▶ **TASK ITEM**: Among the lines below, list those containing the string "Edge".

[Opening EXTRACTED MATERIAL section]

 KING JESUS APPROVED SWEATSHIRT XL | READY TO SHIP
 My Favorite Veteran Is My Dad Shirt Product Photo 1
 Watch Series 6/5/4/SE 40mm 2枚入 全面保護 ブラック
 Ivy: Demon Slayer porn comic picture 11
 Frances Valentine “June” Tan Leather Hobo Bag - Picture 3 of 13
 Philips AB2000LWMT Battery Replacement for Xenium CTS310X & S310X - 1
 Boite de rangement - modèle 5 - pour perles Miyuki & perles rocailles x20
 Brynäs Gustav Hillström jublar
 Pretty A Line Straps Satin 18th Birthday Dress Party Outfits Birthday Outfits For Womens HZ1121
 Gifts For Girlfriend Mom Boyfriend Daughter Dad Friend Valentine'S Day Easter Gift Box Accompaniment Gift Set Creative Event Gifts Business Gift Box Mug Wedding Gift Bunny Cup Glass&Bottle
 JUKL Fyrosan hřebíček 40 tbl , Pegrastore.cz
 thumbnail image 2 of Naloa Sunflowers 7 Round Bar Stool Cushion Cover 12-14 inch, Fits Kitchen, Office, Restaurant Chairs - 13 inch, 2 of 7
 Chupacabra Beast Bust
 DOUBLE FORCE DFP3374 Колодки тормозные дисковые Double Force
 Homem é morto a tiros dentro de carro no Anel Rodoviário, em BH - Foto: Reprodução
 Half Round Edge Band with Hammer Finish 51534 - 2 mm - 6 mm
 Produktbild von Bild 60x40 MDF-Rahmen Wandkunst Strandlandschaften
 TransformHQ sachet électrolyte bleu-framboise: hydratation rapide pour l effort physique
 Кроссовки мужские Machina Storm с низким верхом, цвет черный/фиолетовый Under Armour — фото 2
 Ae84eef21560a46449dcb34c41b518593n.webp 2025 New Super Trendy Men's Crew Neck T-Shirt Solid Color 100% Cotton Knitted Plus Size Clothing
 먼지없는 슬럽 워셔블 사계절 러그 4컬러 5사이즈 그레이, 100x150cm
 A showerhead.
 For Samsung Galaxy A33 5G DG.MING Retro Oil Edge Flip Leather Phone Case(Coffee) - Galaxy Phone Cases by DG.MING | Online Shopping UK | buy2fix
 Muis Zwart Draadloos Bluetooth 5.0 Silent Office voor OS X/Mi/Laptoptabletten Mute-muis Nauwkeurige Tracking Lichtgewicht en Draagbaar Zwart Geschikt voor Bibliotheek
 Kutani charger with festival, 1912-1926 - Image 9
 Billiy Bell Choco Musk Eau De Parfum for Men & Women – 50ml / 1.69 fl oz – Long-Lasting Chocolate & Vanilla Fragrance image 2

[Closing EXTRACTED MATERIAL section]

▶ **ANSWER TO THIS EXERCISE**:
 Half Round Edge Band with Hammer Finish 51534 - 2 mm - 6 mm
 For Samsung Galaxy A33 5G DG.MING Retro Oil Edge Flip Leather Phone Case(Coffee) - Galaxy Phone Cases by DG.MING | Online Shopping UK | buy2fix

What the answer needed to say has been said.